- [Available data]

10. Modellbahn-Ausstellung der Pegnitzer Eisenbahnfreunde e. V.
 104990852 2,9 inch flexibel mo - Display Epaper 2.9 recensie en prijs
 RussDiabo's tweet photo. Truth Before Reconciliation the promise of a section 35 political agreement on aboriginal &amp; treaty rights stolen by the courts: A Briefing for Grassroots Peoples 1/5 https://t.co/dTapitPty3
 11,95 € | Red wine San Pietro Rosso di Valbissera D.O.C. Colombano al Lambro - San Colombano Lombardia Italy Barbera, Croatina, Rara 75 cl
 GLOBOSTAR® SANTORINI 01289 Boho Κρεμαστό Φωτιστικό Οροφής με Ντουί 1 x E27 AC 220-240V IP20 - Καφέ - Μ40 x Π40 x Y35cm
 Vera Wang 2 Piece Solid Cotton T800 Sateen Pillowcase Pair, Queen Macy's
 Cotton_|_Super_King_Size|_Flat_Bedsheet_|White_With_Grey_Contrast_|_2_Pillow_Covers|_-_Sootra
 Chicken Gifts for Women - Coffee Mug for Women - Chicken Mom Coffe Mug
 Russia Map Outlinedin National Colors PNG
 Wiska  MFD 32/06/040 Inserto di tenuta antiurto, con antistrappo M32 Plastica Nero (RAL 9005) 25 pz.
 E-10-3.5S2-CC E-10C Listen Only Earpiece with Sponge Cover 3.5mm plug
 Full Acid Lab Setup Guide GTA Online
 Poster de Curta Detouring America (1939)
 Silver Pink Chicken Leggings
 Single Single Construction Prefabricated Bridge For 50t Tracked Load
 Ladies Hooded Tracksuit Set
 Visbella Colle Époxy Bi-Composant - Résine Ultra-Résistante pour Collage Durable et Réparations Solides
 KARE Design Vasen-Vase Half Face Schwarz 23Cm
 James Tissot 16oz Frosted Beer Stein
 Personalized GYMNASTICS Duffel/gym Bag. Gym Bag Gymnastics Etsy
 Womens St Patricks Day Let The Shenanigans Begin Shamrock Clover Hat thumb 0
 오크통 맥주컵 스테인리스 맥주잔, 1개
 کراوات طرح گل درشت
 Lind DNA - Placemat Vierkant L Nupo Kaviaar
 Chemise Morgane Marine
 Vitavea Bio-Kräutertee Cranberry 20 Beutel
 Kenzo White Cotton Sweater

- [Your objective] For every entry above, write out an exact copy.

- [Response area]
10. Modellbahn-Ausstellung der Pegnitzer Eisenbahnfreunde e. V.
 104990852 2,9 inch flexibel mo - Display Epaper 2.9 recensie en prijs
 RussDiabo's tweet photo. Truth Before Reconciliation the promise of a section 35 political agreement on aboriginal &amp; treaty rights stolen by the courts: A Briefing for Grassroots Peoples 1/5 https://t.co/dTapitPty3
 11,95 € | Red wine San Pietro Rosso di Valbissera D.O.C. Colombano al Lambro - San Colombano Lombardia Italy Barbera, Croatina, Rara 75 cl
 GLOBOSTAR® SANTORINI 01289 Boho Κρεμαστό Φωτιστικό Οροφής με Ντουί 1 x E27 AC 220-240V IP20 - Καφέ - Μ40 x Π40 x Y35cm
 Vera Wang 2 Piece Solid Cotton T800 Sateen Pillowcase Pair, Queen Macy's
 Cotton_|_Super_King_Size|_Flat_Bedsheet_|White_With_Grey_Contrast_|_2_Pillow_Covers|_-_Sootra
 Chicken Gifts for Women - Coffee Mug for Women - Chicken Mom Coffe Mug
 Russia Map Outlinedin National Colors PNG
 Wiska  MFD 32/06/040 Inserto di tenuta antiurto, con antistrappo M32 Plastica Nero (RAL 9005) 25 pz.
 E-10-3.5S2-CC E-10C Listen Only Earpiece with Sponge Cover 3.5mm plug
 Full Acid Lab Setup Guide GTA Online
 Poster de Curta Detouring America (1939)
 Silver Pink Chicken Leggings
 Single Single Construction Prefabricated Bridge For 50t Tracked Load
 Ladies Hooded Tracksuit Set
 Visbella Colle Époxy Bi-Composant - Résine Ultra-Résistante pour Collage Durable et Réparations Solides
 KARE Design Vasen-Vase Half Face Schwarz 23Cm
 James Tissot 16oz Frosted Beer Stein
 Personalized GYMNASTICS Duffel/gym Bag. Gym Bag Gymnastics Etsy
 Womens St Patricks Day Let The Shenanigans Begin Shamrock Clover Hat thumb 0
 오크통 맥주컵 스테인리스 맥주잔, 1개
 کراوات طرح گل درشت
 Lind DNA - Placemat Vierkant L Nupo Kaviaar
 Chemise Morgane Marine
 Vitavea Bio-Kräutertee Cranberry 20 Beutel
 Kenzo White Cotton Sweater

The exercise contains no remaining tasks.